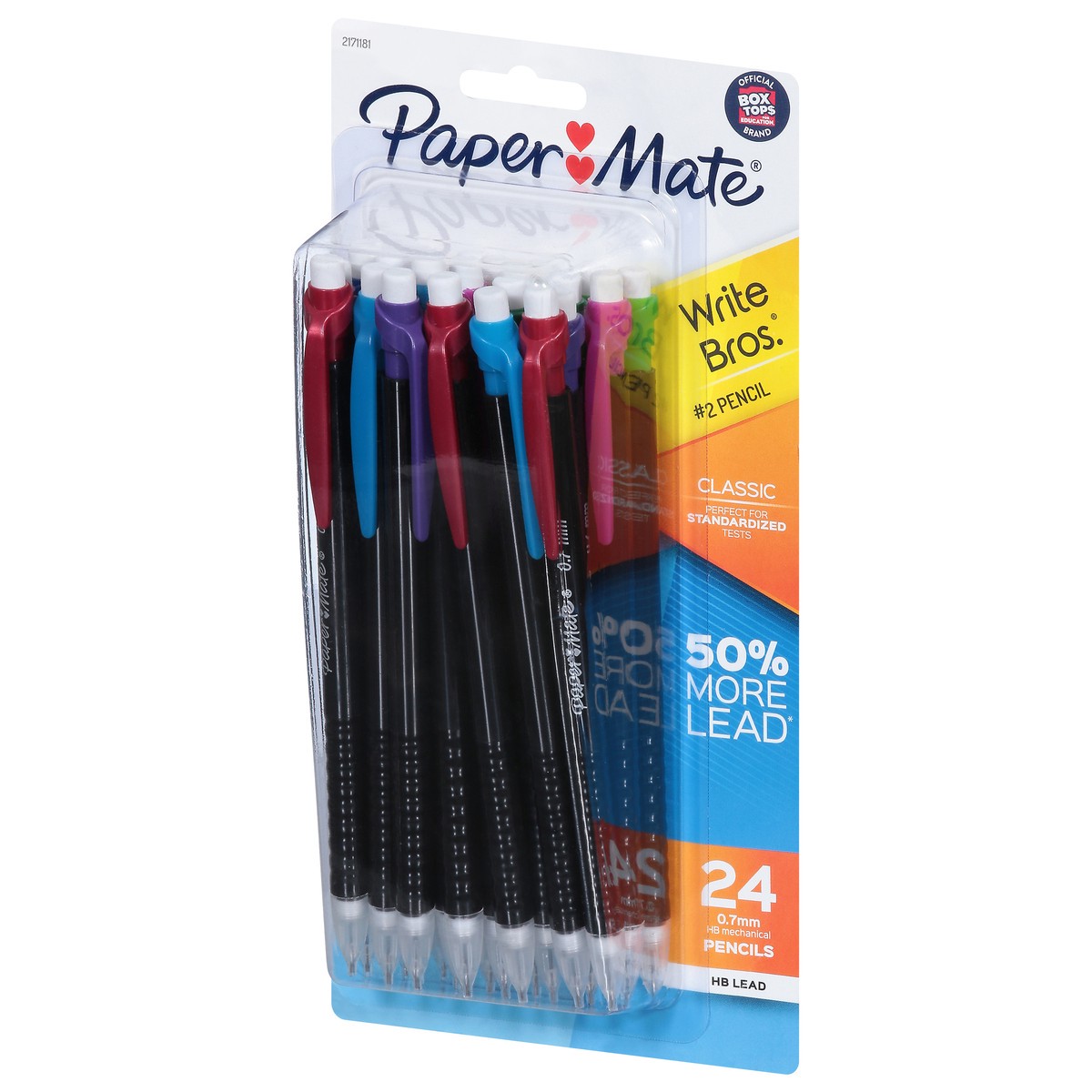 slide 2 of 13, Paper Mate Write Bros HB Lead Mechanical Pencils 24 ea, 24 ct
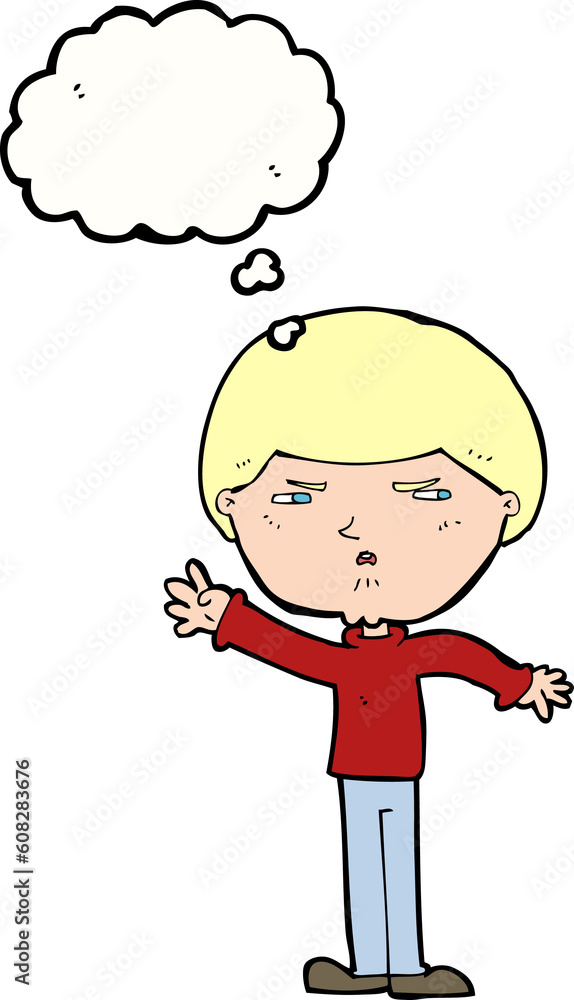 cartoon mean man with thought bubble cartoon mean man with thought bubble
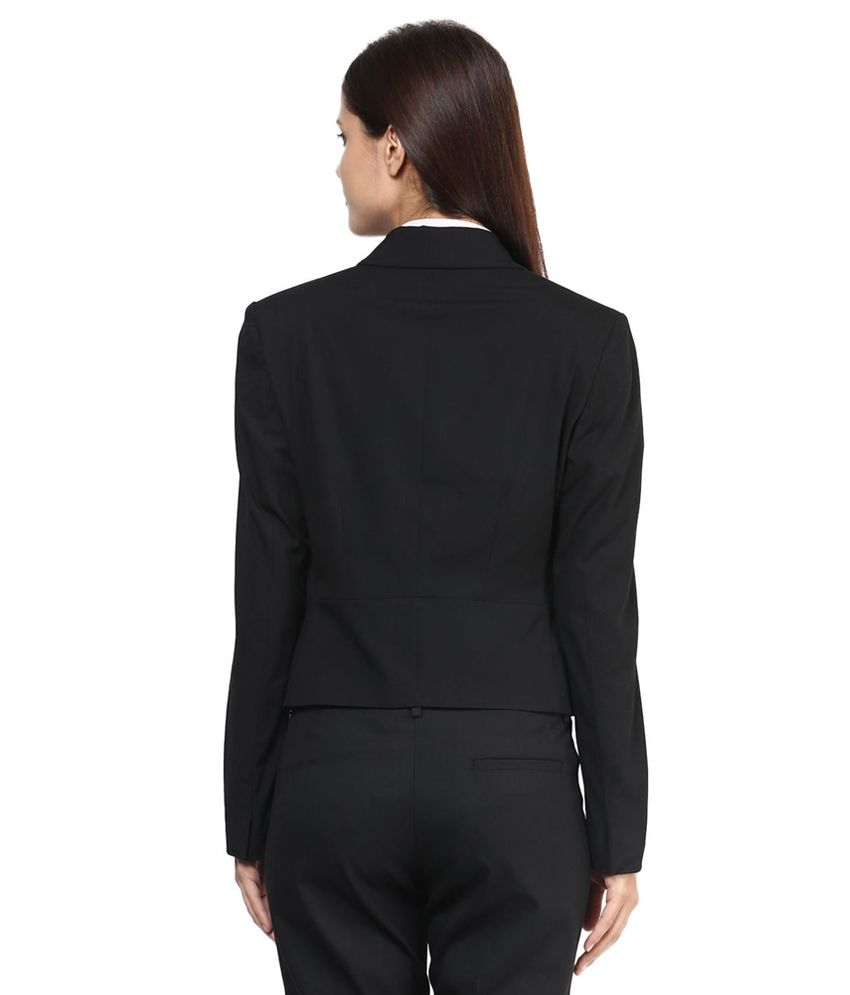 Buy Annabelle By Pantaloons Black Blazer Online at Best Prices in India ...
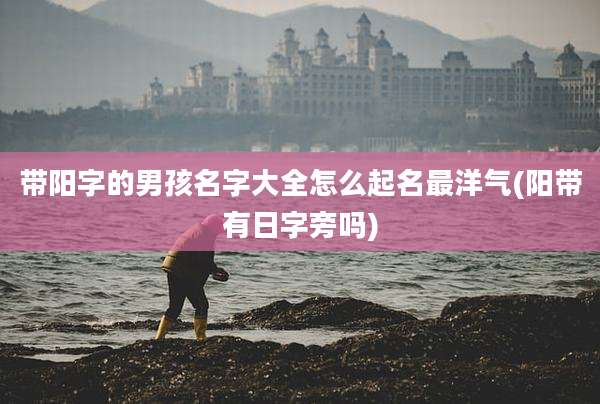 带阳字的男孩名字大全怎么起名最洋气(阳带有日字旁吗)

◆ ◆ ◆ ◆

▶ _Problem statement_
Please restate the whole listing exactly, without any of its pictures.

▶ _Expected answer_
 slide 2 of 13, Paper Mate Write Bros HB Lead Mechanical Pencils 24 ea, 24 ct
 cartoon mean man with thought bubble cartoon mean man with thought bubble
 Buy Annabelle By Pantaloons Black Blazer Online at Best Prices in India ...
 带阳字的男孩名字大全怎么起名最洋气(阳带有日字旁吗)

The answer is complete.